A imagem foi retirada daqui.

13 comentários:

Augusta disse...

Ainda bem que continuas. A seguir teremos seguramente a sala.
Mas olha: falas em enxergão, mas nós dizíamos xaragão. E as aberturas não eram de lado, eram na costura do meio do lado que ficava virado para cima. Assim, o colmo não saía e, a cada vez que se fazia a cama, este colmo era bem mexido para ficar mais uniforme, sem os altos e baixos provocados pelo descanso dos corpos.
Faltou-te ainda outra coisa. Então o penico? Eu já só me lembro dos que eram feitos de esmalte, mas antes, também os havia de louça. E bem bonitos por sinal.
Beijos e parabéns por mais esta narrativa

Anónimo disse...

Muito lindo,é o nosso passado aqui escrito por uma pessoa que tanto tem dado pela nossa terra.Muito obrigado,continua a fazê-lo pois nós gostamos ler o que escreves.Um abraço deste vosso amigo Duarte P
ires

Olímpia disse...

Como recebi o texto no email, vim logo escogitar. De facto estou atrasada nas notícias!
Concordo com a Augusta, no que diz respeito ao xaragão e ao penico. Sim, a abertura dele era ao centro e virada para cima.
Os quartos, nem todos eram interiores. O do avô Ramos, por exemplo, tinha uma janela.
Parabéns por manteres vivas as memórias da nossa meninice e as nossas tradições.
Vi que já escreveste outros. Vou ler.

Bjos

Olímpia

Anónimo disse...

Olhai os lírios do campo!...
Apesar da austeridade, e até alguma pobreza, nas casas de há cinquenta anos também se criaram lindas flores!

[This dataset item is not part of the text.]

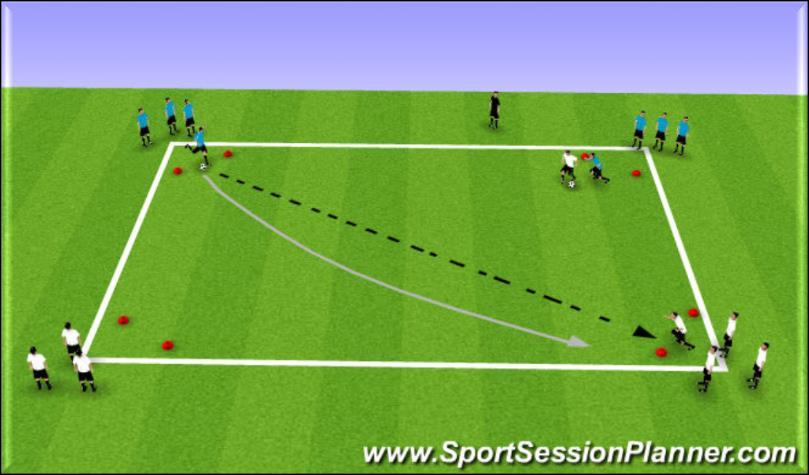 Fun Games - 15 - Minute to Win It Purpose This activity works on speed and angle of approach, when defending. Organization 20*20 grid. Divide players into four groups of 3.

Fátima Pereira Stocker disse...

Augusta

A memória prega-nos cada partida... eu juraria a pés juntos que as aberturas eram de lado. Vou já corrigir, até porque, ao responder-te, veio-me, nítida, a imagem de algumas espigas esmagadas que era preciso sacudir de cima da cama, ao fazê-la.

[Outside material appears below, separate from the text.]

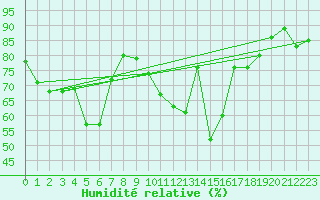 Courbe de l'humidit relative pour Le Puy - Loudes (43)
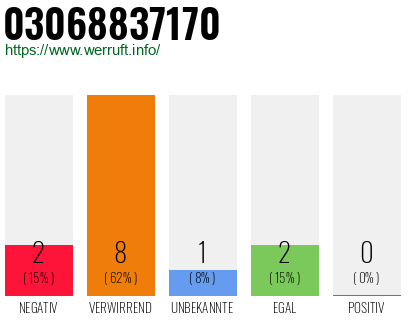 Rufnummer 03068837170 Telefonnummer 03068837170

Sobre o nome, creio que dizíamos das duas maneiras, embora me retina mais no ouvido o "Inxergão". Vou acrescentar.

Quanto ao penico: lembrei-me dele ao começar a escrever, mas varreu-se-me da ideia enquanto escrevia. Também vou acrescentar. Obrigada pela lembrança.

Beijos

Fátima Pereira Stocker disse...

Duarte

Muito obrigada tu, pela ternura das tuas palavras.

Beijos

Fátima Pereira Stocker disse...

Olímpia

Quer o quarto do avô, quer o do tio Fernando tinham janelas, mas eram excepções. O mais habitual era que não tivessem.

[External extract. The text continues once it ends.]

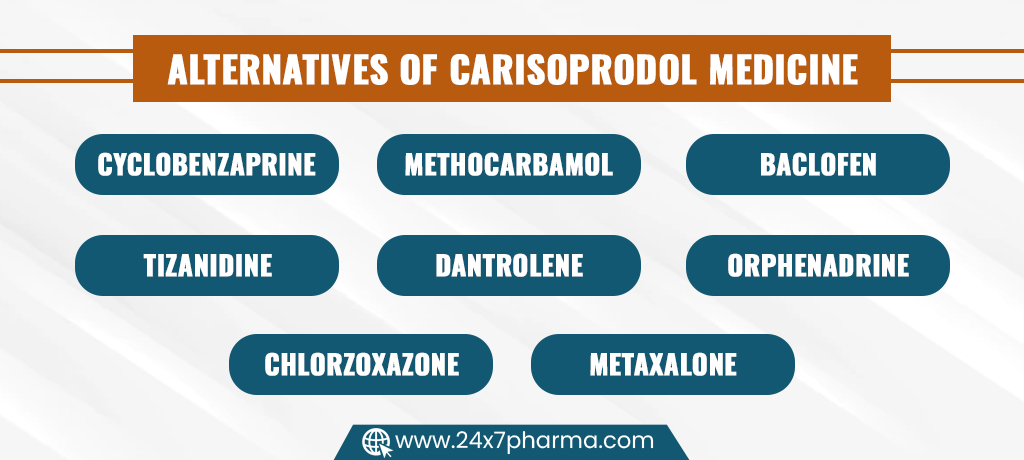 carisoprodol générique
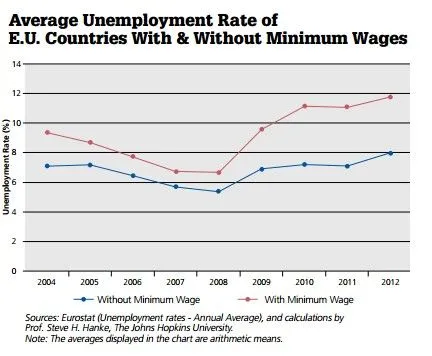 average_unemployment.webp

Então só agora é que voltas a receber as mensagens no e-mail? Eu não mexi em nada, por isso, deve tratar-se de mais uma daquelas mexidelas do blogger que não entendemos.

Beijos

Fátima Pereira Stocker disse...

Anónimo 2

"Olhai os lírios do campo", tema do evangelho do passado domingo. Que lindo é aquele "Sermão da Montanha"!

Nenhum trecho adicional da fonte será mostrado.